Exploration Restrictions Will Ease
The Trump administration has already made proposals to reverse or eliminate the hydraulic fracturing (fracking) rule, which tightened standards on gas well construction, governed the disposal of fracking waste and required disclosure on the fracking chemicals used. The Department of Interior’s Bureau of Land Management (BLM) is acting under pressure from the U.S. Court of Appeals for the Tenth Circuit, where DOI has requested that the legal challenge to the current fracking rule be stayed pending the drafting and promulgation of a new rule (Wyoming v. Zinke, 10th Cir., No. 16-8068). Indeed, on June 17, the BLM sent a notice of proposed rulemaking regarding fracking on federal lands to the Office of Management and Budget for its review. Should this result in a relaxing of the BLM’s regulations on fracking on federal lands, an increase in the exploration of both natural gas and crude oil is expected. These regulatory changes will increase the supply of natural gas over the medium-term.

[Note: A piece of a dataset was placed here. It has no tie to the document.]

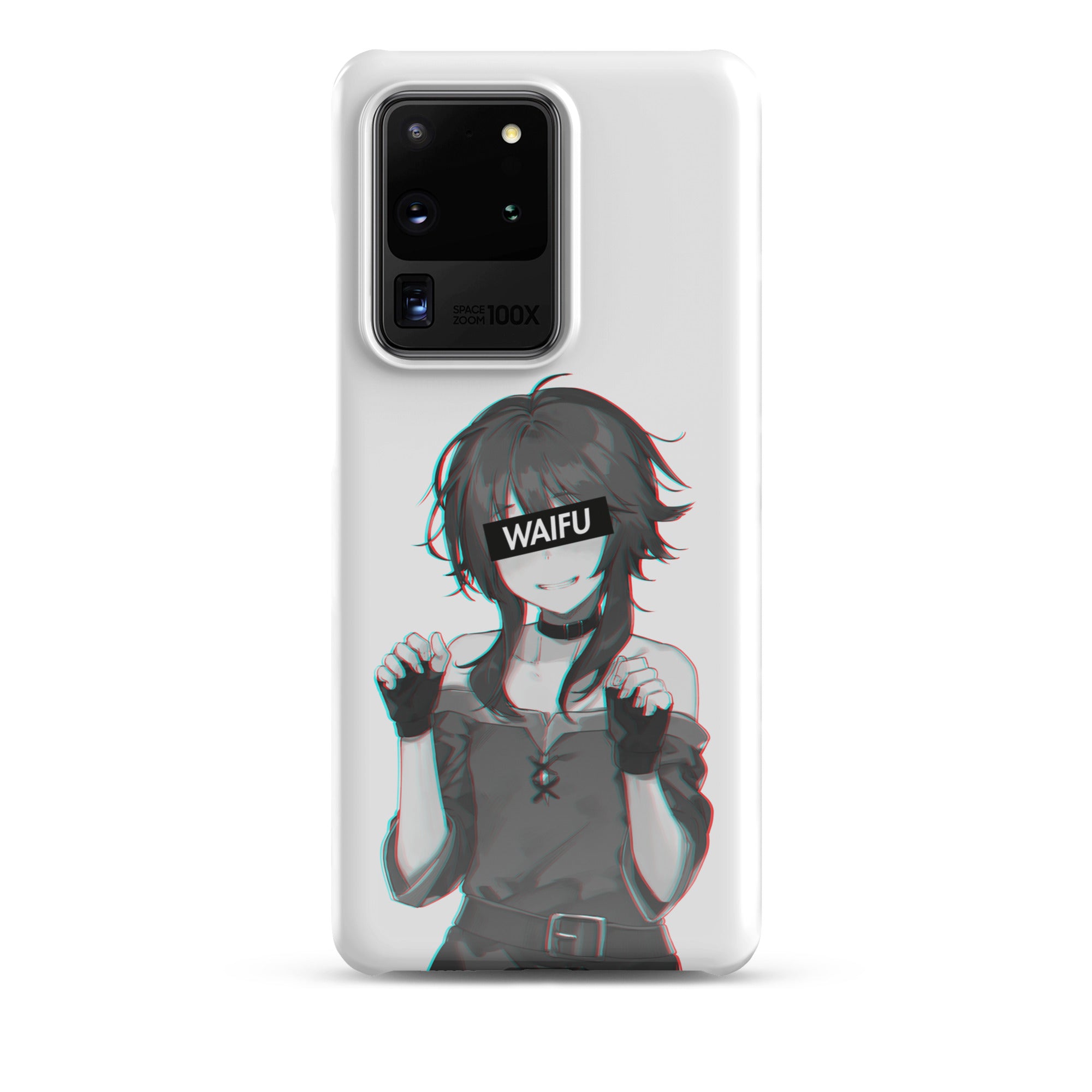 Megumin Waifu Material #004 Samsung Premium Case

In addition, on May 26, the Environmental Protection Agency (EPA) announced it was suspending and reconsidering for 90 days a 2016 EPA regulation that limits methane emissions from the oil and gas industry. The EPA stated that it wants to give the oil and gas industry a second chance to comment on the rule. Following up on that announcement, on June 16, the EPA announced that it was taking steps to ensure that those regulations remain stayed while the agency works through the reconsideration process. In order to reconsider the regulations properly, the EPA announced that it was staying the regulations for two years.
Finally, the Trump administration is seeking permission to use seismic air guns to find oil and gas formations underneath the Atlantic Ocean floor. This request reverses the Obama administration’s policy, which found that the seismic air guns disturb and injure oceanic life in general and whales in particular.
Export Restrictions Will Be Lifted
New exploration and fewer regulations will add fresh supply of natural gas to an already oversupplied market. Increasing exports, many feel, will take care of the glut of natural gas. However, exports of natural gas—in the form of liquefied natural gas (LNG)—have also been hampered by regulatory oversight. The Federal Energy Regulatory Commission (FERC) currently has more than dozen LNG export companies waiting for it to complete its environmental and safety review, which can take up to a year. Once FERC’s approval is obtained, the Department of Energy (DOE) must also review the project before it can move forward. More than two dozen LNG export firms are waiting for the Department of Energy to sign off on their projects. The Trump administration wants to break-up this regulatory logjam.
To address this situation, most industry observers believe that the DOE will soon propose an export fast-track rule. In addition, DOE Secretary Rick Perry is expected to reverse a 2014 policy, under which the DOE has to wait for the FERC to complete its review before DOE can approve the project. This would allow the approvals to move on parallel tracks through FERC and the DOE.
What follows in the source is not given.